Telemetry required? Ask users first!
In this article, I will discuss the recent problems with compiling LibreOffice using Microsoft Visual Studio, things that I did to debug and find the root cause, the source of problem itself – which is problems in Microsoft’s telemetry – and how I could fix it.
Describing The Problem
Recently, I was encountering a problem when configuring LibreOffice’s source code before compilation. Sometimes, random errors appeared without further details on why. The title: “powershell.exe” was also strange, as I wasn’t using PowerShell directly.
At first, I ignored the message, but then it become more error common, and at some point the configuration was aborted.
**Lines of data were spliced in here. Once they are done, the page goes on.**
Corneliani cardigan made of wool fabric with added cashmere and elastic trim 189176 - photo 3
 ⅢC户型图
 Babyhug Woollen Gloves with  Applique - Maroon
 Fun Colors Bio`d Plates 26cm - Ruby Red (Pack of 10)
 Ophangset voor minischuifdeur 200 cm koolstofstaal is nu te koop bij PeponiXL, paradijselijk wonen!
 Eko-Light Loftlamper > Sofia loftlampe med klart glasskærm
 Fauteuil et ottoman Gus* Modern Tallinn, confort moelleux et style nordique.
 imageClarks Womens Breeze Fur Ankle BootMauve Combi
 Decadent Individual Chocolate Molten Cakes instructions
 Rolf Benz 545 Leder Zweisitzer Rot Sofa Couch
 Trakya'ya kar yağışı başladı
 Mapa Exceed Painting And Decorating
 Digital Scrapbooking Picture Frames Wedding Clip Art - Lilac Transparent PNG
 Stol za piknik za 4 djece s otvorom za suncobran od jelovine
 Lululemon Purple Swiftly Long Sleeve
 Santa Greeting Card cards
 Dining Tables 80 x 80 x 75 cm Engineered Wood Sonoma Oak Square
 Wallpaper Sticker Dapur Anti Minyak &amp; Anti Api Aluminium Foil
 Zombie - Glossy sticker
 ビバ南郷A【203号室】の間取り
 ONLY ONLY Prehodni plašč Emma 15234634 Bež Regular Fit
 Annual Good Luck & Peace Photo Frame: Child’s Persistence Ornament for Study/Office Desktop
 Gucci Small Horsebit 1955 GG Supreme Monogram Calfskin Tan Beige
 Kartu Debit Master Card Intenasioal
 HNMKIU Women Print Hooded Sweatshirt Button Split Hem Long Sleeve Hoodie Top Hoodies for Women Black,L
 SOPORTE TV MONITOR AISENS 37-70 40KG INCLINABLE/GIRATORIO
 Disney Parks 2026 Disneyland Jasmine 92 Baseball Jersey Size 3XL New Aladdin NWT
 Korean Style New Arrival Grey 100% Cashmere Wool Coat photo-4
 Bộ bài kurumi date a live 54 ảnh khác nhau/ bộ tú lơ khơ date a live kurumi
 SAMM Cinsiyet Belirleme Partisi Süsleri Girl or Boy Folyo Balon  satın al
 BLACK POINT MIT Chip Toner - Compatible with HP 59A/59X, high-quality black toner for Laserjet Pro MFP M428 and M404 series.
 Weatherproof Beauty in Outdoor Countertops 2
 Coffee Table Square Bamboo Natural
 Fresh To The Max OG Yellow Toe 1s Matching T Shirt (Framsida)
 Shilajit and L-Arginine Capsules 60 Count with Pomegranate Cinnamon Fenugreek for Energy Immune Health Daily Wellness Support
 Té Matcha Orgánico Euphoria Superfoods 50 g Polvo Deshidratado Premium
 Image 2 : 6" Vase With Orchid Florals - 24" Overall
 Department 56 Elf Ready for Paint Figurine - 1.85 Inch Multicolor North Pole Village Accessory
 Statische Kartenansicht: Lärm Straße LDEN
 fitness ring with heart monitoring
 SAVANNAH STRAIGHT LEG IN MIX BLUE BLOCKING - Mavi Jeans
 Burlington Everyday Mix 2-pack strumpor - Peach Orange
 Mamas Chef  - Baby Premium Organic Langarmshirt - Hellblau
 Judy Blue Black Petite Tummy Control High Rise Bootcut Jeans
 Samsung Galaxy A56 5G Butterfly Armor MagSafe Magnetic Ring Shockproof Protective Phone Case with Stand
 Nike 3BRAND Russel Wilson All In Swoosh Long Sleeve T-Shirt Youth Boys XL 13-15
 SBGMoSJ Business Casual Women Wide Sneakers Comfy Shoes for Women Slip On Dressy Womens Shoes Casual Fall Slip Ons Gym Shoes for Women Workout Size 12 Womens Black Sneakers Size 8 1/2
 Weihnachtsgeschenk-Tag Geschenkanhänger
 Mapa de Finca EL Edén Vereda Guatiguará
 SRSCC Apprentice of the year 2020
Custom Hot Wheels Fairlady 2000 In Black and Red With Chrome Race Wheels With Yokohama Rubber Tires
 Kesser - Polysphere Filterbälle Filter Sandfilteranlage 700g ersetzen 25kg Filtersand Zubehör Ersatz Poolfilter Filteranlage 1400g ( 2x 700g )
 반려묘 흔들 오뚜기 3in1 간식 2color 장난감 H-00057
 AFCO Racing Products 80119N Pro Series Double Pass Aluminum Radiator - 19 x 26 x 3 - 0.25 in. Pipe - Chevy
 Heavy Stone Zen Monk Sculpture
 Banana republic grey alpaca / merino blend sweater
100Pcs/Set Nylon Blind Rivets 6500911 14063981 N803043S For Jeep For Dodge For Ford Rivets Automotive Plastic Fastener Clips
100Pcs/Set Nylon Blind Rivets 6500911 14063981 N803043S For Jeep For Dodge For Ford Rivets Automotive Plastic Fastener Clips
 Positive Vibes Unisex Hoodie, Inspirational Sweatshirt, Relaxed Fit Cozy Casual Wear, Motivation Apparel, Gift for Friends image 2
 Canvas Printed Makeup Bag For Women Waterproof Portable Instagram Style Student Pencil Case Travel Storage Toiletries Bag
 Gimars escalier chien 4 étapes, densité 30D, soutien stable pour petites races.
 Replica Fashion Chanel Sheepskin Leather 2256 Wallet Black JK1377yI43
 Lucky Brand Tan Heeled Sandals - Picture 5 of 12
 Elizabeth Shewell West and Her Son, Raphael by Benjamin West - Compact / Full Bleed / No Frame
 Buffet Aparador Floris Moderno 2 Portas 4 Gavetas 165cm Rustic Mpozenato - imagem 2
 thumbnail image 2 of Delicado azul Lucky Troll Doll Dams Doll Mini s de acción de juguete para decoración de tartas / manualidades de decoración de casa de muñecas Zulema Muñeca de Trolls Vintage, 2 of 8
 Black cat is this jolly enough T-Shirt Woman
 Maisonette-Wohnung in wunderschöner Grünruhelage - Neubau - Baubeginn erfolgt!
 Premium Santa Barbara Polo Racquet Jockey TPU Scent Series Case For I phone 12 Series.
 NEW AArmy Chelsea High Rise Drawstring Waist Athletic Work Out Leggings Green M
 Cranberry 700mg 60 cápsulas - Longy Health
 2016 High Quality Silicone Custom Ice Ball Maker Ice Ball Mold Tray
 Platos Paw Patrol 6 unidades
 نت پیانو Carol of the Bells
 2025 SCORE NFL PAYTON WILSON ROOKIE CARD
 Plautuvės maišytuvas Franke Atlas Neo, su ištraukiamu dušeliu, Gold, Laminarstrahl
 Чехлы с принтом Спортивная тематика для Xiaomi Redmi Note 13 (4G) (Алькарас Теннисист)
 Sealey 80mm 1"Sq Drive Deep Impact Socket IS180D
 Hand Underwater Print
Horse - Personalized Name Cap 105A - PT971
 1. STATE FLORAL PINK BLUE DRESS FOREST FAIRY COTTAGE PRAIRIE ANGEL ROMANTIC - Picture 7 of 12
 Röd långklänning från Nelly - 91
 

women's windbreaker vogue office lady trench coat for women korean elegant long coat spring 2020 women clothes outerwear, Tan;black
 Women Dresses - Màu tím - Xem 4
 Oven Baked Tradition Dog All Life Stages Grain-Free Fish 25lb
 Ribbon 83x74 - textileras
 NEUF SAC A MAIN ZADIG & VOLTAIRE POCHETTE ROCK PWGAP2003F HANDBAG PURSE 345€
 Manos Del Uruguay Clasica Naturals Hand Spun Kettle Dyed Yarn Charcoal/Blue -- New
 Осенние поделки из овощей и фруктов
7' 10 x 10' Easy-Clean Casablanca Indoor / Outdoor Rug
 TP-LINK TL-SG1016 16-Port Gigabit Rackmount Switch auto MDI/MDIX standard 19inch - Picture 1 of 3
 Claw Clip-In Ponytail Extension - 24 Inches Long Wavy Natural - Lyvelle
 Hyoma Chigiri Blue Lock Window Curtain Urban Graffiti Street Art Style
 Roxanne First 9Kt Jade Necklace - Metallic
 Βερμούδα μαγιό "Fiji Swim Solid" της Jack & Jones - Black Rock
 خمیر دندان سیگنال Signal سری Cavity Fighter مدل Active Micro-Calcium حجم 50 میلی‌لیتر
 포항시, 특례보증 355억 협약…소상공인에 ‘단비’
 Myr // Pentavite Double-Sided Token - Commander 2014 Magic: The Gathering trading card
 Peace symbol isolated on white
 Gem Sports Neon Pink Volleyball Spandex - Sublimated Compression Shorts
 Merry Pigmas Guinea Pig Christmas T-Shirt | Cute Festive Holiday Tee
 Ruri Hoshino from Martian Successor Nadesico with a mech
I ignored that for a while, but after a few days, one of the mentees reported a somehow similar problem.
The error was that the UCRT (which is Microsoft Visual Studio C++’s standard C library), was not found. This is an error log:
$ ./autogen.sh . . . checking for Windows SDK... found Windows SDK 10.0 (/cygdrive/c/PROGRA~2/WI3CF2~1/10) checking for midl.exe... C:\Program Files (x86)\Windows Kits\10\/Bin/10.0.20348.0/x64/midl.exe checking for csc.exe... C:\Windows\Microsoft.NET\Framework\v4.0.30319\/csc.exe checking for al.exe... C:\Program Files (x86)\Microsoft SDKs\Windows\v10.0A\bin\NETFX 4.8 Tools\/al.exe checking .NET Framework... found: C:/PROGRA~2/WI3CF2~1/NETFXSDK/4.8/ checking whether jumbo sheets are supported... yes checking whether to enable runtime optimizations... yes checking for valgrind/valgrind.h... no checking for sys/sdt.h... no checking what the C++ library is... configure: error: Could not figure out what C++ library this is Error running configure at ./autogen.sh line 321.
Checking the Error Logs
The important log that contains the output of the configuration is the config.log file. In this file, I could see these related lines:
... configure:19511: result: no configure:20052: checking what the C++ library is configure:20078: C:/PROGRA~1/MIB055~1/2022/COMMUN~1/VC/Tools/MSVC/1430~1.307/bin/Hostx64/x64/cl.exe -c -IC:/PROGRA~2/WI3CF2~1/10/Include/ucrt -IC:/PROGRA~2/WI3CF2~1/10/Include/ucrt -IC:/PROGRA~1/MIB055~1/2022/COMMUN~1/VC/Tools/MSVC/1430~1.307/Include conftest.cpp >&5 conftest.cpp C:/PROGRA~1/MIB055~1/2022/COMMUN~1/VC/Tools/MSVC/1430~1.307/Include\cstddef(12): fatal error C1083: Cannot open include file: 'stddef.h': No such file or directory Microsoft (R) C/C++ Optimizing Compiler Version 19.30.30711.2 for x64 Copyright (C) Microsoft Corporation. All rights reserved. ...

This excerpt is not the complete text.